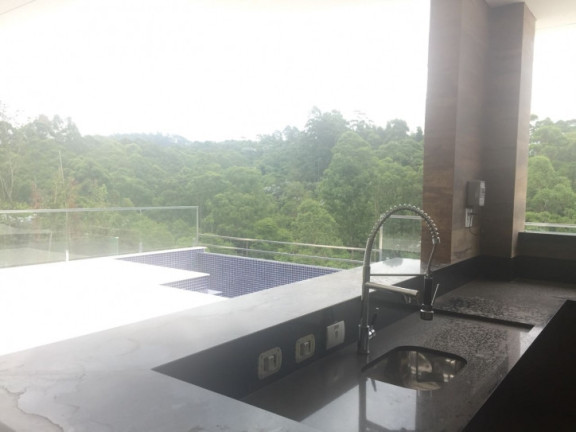 Imagem Casa com 4 Quartos à Venda, 535 m² em Alphaville - Barueri
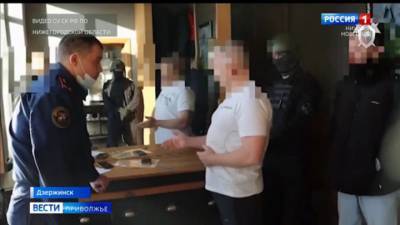 В Нижнем Новгороде по подозрению в мошенничестве задержан депутат ЗСНО - vesti.ru - Дзержинск - Нижегородская обл. - Нижний Новгород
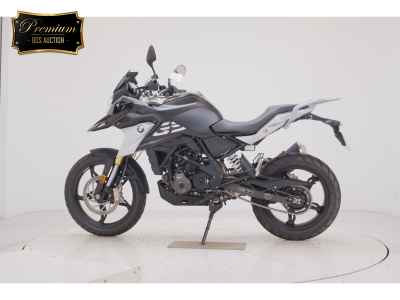 BMW G310GS 2025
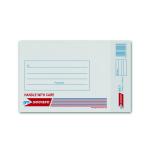 GoSecure Bubble Envelope Size 3 Internal Dimensions 140x195mm White (Pack of 100) KF71448 KF71448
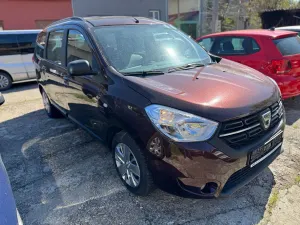 Dacia Lodgy 1.5 dCi 109 CP Laureate 2017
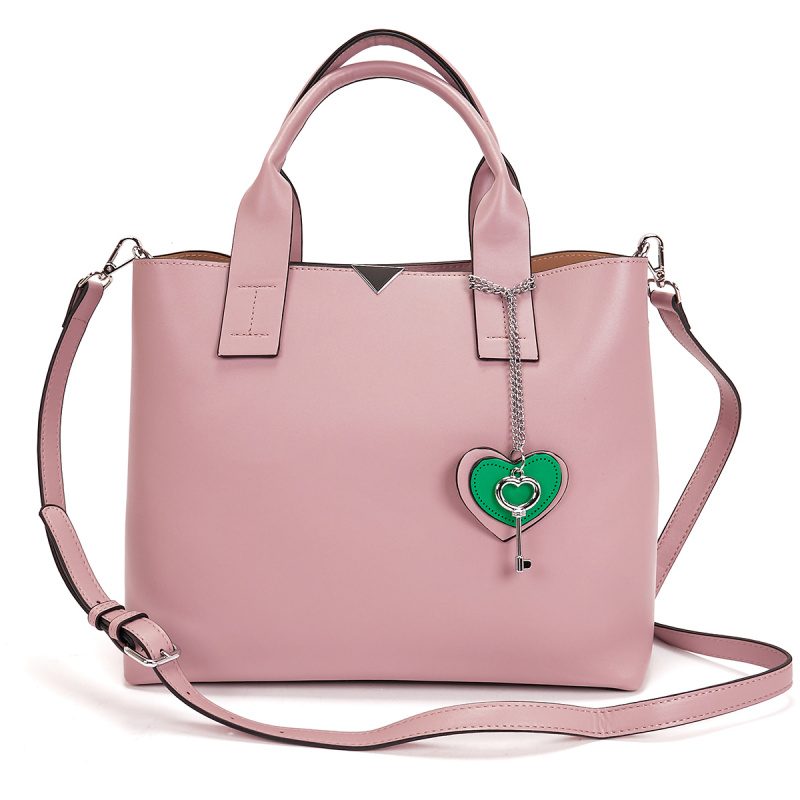 Сумка тоут женская Flioraj 7146, pink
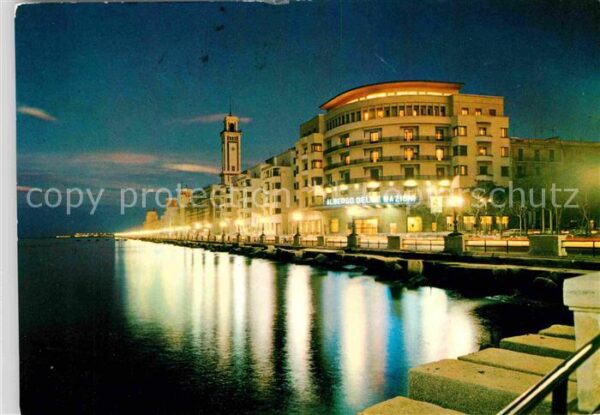 Bari Puglia Albergo delle Nazioni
..............................
▸ **PROBLEM TO WORK ON**:
Give the listing above again exactly, minus any images.

▸ **SOLUTION TO THIS EXERCISE**:
 Imagem Casa com 4 Quartos à Venda, 535 m² em Alphaville - Barueri
 В Нижнем Новгороде по подозрению в мошенничестве задержан депутат ЗСНО - vesti.ru - Дзержинск - Нижегородская обл. - Нижний Новгород
 BMW G310GS 2025
 GoSecure Bubble Envelope Size 3 Internal Dimensions 140x195mm White (Pack of 100) KF71448 KF71448
 Dacia Lodgy 1.5 dCi 109 CP Laureate 2017
 Сумка тоут женская Flioraj 7146, pink
 Bari Puglia Albergo delle Nazioni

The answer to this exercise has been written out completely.